According to current research we need approximately 150 minutes of moderate exercise per week to stay healthy. That translates into choosing an activity that will leave you slightly out of breath with a glow of light sweat on your brow. But, how do you find the time to exercise when, for example, there aren’t enough minutes in the day to do everything you need to accomplish?

Finding 20 minutes a day is a good strategy for hitting the mark of 150 minutes a week. It’s been proven that exercise doesn’t have to be done all at once in order for you to gain benefits from it. It can be broken up into smaller bits of time. Breaking twenty minutes into in two 10-minute segments is another great way to divide and conquer. You’ll probably feel better instantly.

Here is an example of what 20 minutes in your day might look like.

In the morning – 5 minutes 

The Sun Salutation is a yoga set of exercises. It’s a great way to start the day and works on waking up all of you – body and soul.

 

During your day –10 minutes

Let’s bring back morning and afternoon recess. As an example, break the office spell and get outside for 10 minutes. Or, get your coffee or tea some place other than the staff lunch room. Don’t think working from home means you can’t get out for 10 minutes either.

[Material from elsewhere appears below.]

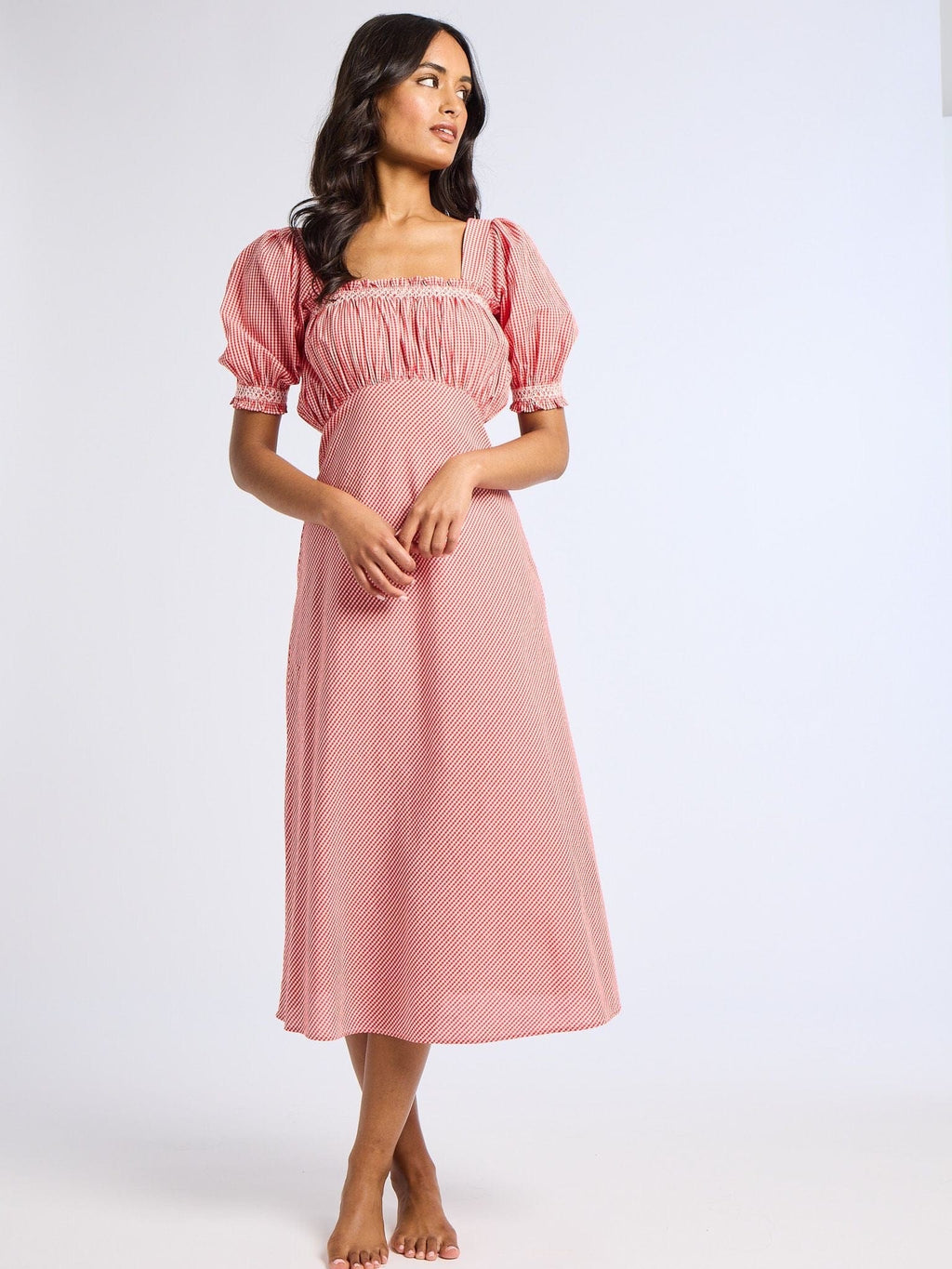 Nicolette Dress in Red Gingham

Like Jody’s Fitness on Facebook and let’s start a dialogue about what’s working for you. 

 

In the evening – 5 minutes

At some point at night pick three exercises and do one set of 10-12 reps of each. For example: squats, wall or a floor push-up and front or side planks. Take a minute for each exercise. Finish with some light stretching of the muscles you just used.

 

Trainer Tip: Walking is a wonderful way to be active for 20 minutes in a day. Include some stairs or hills to add some sweat to your brow. Add some bench push-ups and a calf stretch to finish off.

Remembering to take the stairs instead of the elevator, standing more at work and sitting less at home are more examples of making your daily life more active.

Now, stand up. Take a moment to stretch. Take another moment to relax by breathing deeply.